Quinn yeteneğini kullanmanın ortasındayken, aniden tatlı bir koku aldı.
‘Bu kan mı?’
Sürüklenme hissi artık hissedilmiyordu ve Cia’nın aklı bir kez daha olduğu yere geri dönmüştü. Quinn, kokunun geldiği yöne doğru baktığında Cia’nın elinin kan damladığını fark etti. Muazzam miktarda acıya neden olmak için kendi tırnaklarını avucunun içine sokmayı başarmıştı. Zihnini başka bir yere yönlendirmek, yeteneğinin başarısız olmasına neden olmak.
Aksiyon dikkatlerden kaçmadı ve Layla bile etkilendi. Kişinin kendine kan kaybedecek kadar zarar verebilmesi için aşırı bir irade gücüne sahip olması gerekir. Bir insan için normal tepki kendine zarar vermemekti. Pure’daki ajanlar bile böyle bir şey yapmak için mücadele ederdi.
“Yine siz bana bir şey yapmaya çalıştınız,” dedi geri çekilirken, şimdi Leyla’nın elini daha da sıkı sıkıyordu. “Bak, eğer gördüğüm şeyle ilgiliyse, hiçbir şey söylemeyeceğim. Yeteneklerini ve gücünü neden sakladığını bilmiyorum. Sana söyleyeceğim tek şey, beni tehdit etme.
Sen beni kim sanıyorsun bilmiyorum ama daha önce tanıştığın insanlara benzemiyorum. Unutma, senin sırrını saklıyorum. Yani sizden bir iyiliğe ihtiyacım olursa. Sana geleceğim.” Bunun üzerine Cia kapıyı çarparak kapattı ve Quinn son sözü söyleyemedi.
“Belki şimdi işe yaramadı, ama bir şey hissettim” dedi. Quinn bunun işe yaramaya başladığını hissedebiliyordu, ama onun çekicilik becerilerine direnebildiği için zihni biraz fazla güçlüydü. Eğer Tılsım puanlarını otuzun üzerine çıkarırsa, onun hafızasını silebileceğinden emindi.
Cia şimdiye kadar sırlarını söylememişti, pek çok fırsat olmasına rağmen, şimdilik sadece ona göz kulak olması ve hiçbir şey söylemediğinden emin olmak için Layla’ya güvenmesi gerekecekti. Yine de kendini bir B planına hazırlayacaktı.
Odanın içinde Cia’nın kalbi inanılmaz bir hızla atıyordu ve Layla da bunu hissedebiliyor ve görebiliyordu. Cia’nın ona neden bu kadar güvendiğini merak ediyordu. O da herkes kadar Quinn’in grubunun bir parçasıydı.

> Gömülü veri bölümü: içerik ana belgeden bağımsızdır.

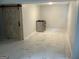 Room features marble-look tile flooring, a barn door, and a stainless steel oven at 6178 Graceland Cir, Morrow, GA 30260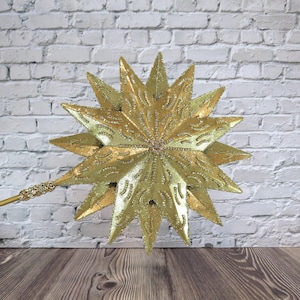 22.5&quot; Gold Starburst Scepter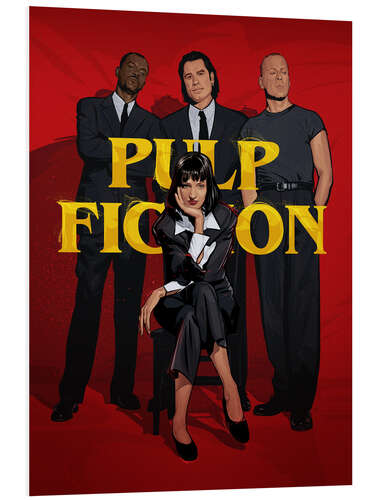 PVC print Pulp Fiction Gang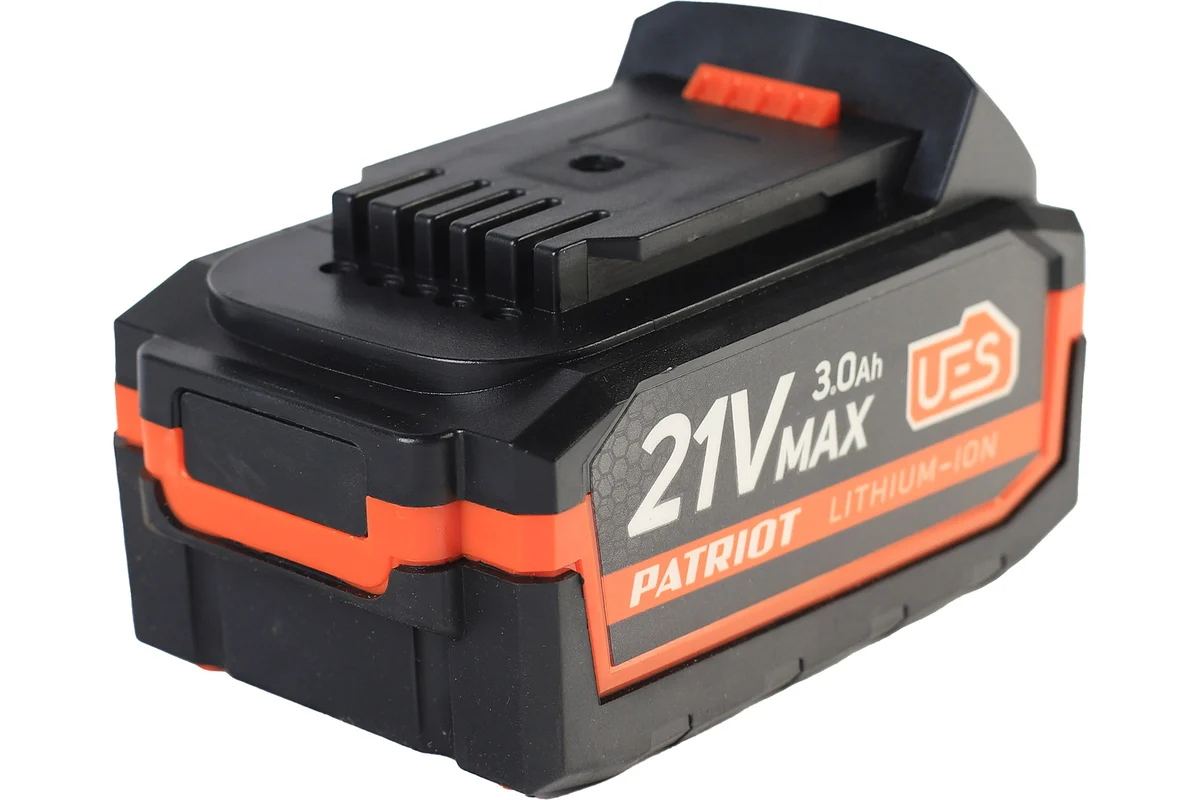 Батарея аккумуляторная PATRIOT PB BR 21V(Max) Li-ion 3,0Ah UES тонкая зарядка (5,5 мм)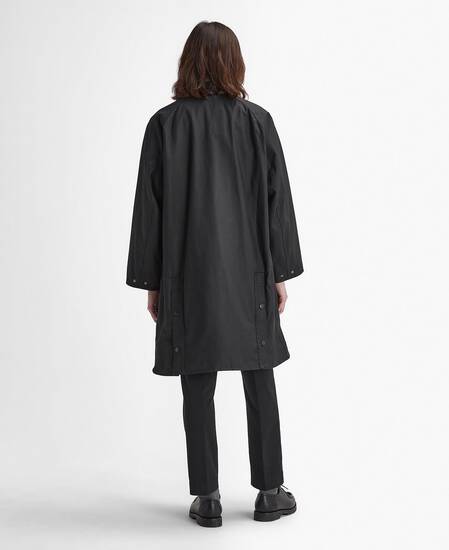 Modified Exmoor Waxed Coat Classic Black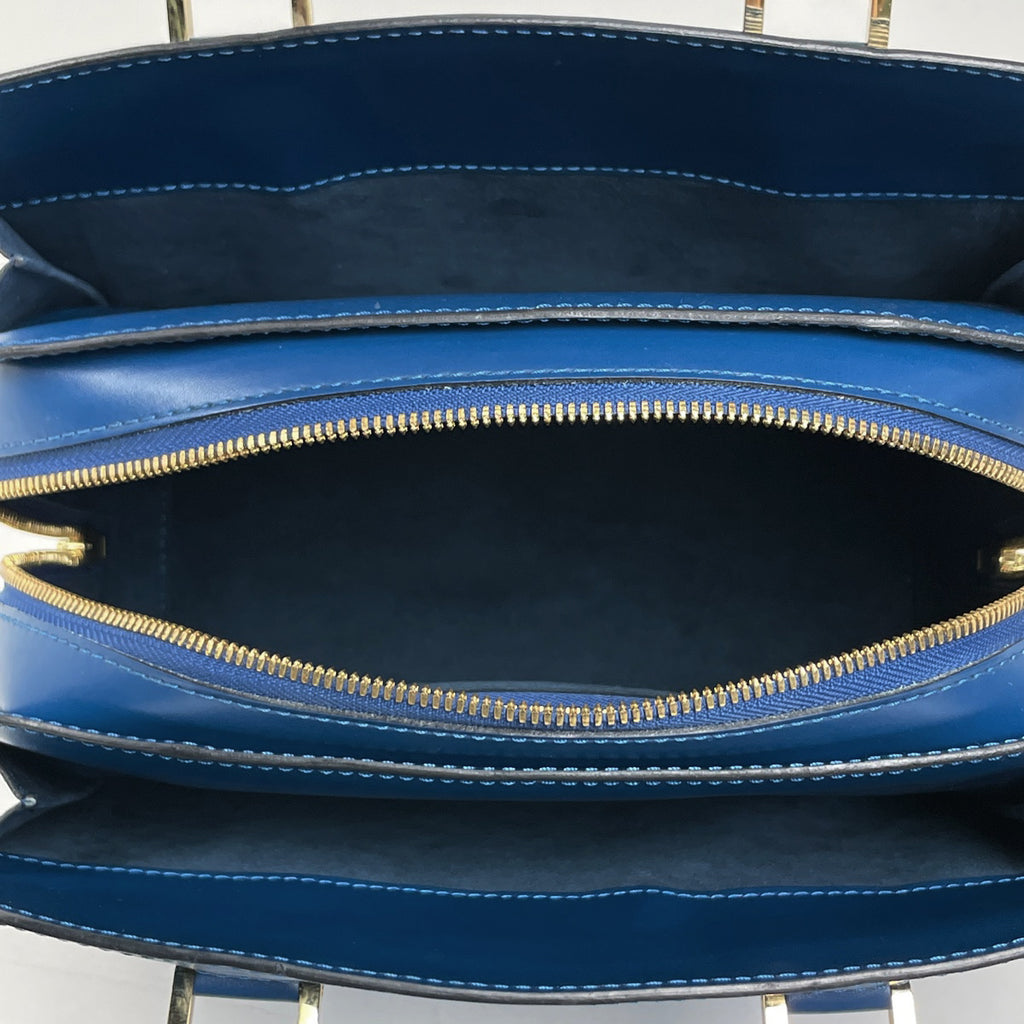 ルイ・ヴィトン ポンヌフ 手提げ ハンドバッグ エピ トレドブルー M52055 レディース 【中古】brbag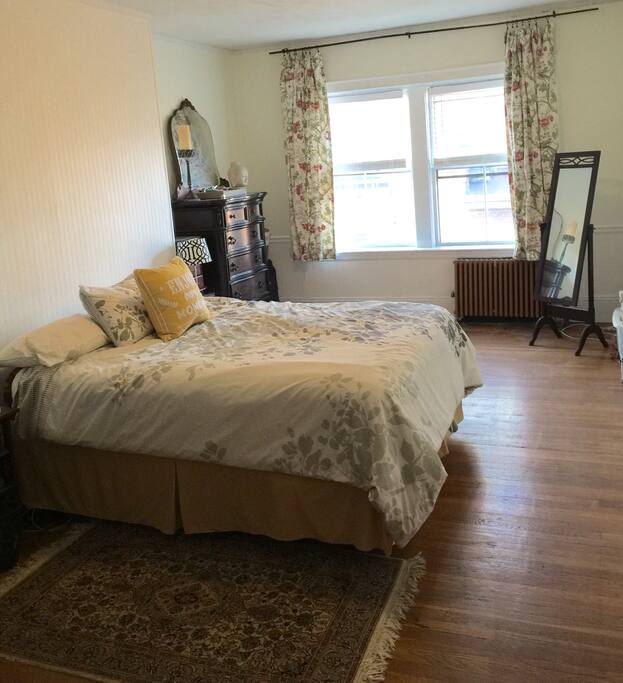 Huge master bedroom.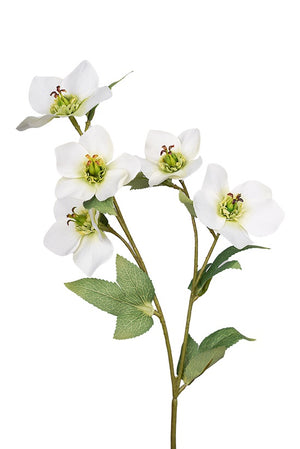 Flower Systems Hellebore Spray 47cm Cream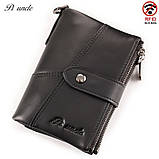 Чоловічий гаманець із натуральної шкіри. Шкіряний гаманець чоловічий портмоне зі шкіри, фото 3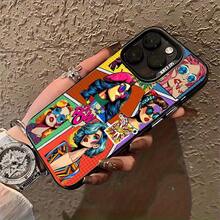 Pop Art Style Featuring Modern Women in Various Settings with Vibrant and Rich Colors. Full Coverage Protective Case for  11/12/13/14/15 Pro Max Series. Perfect Gift for Couples on Birthdays, Christmas, or Valentine's Day - Blanco - Ver 9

Cia daha sonra Layla’ya baktı ve kocaman bir gülümseme verdi.
Beni Quinn’in ekibinin bir parçası olarak bile düşünmüyor musun?” Leyla düşündü.
Quinn’in listesindeki ilk iş bittiğinde, bakmak istediği birkaç şey daha vardı. Şu anda elinde, tünelden aşağıdan elde ettiği mavi kristal vardı. Logan’ın böyle bir şeyle ilgileneceğinden emindi ama Logan’ı ziyaret etmek istemesinin ikinci bir nedeni daha vardı.
Elde ettiği yeni yeteneğin detaylarını görmek ve test etmek için, Gölge Yiyen.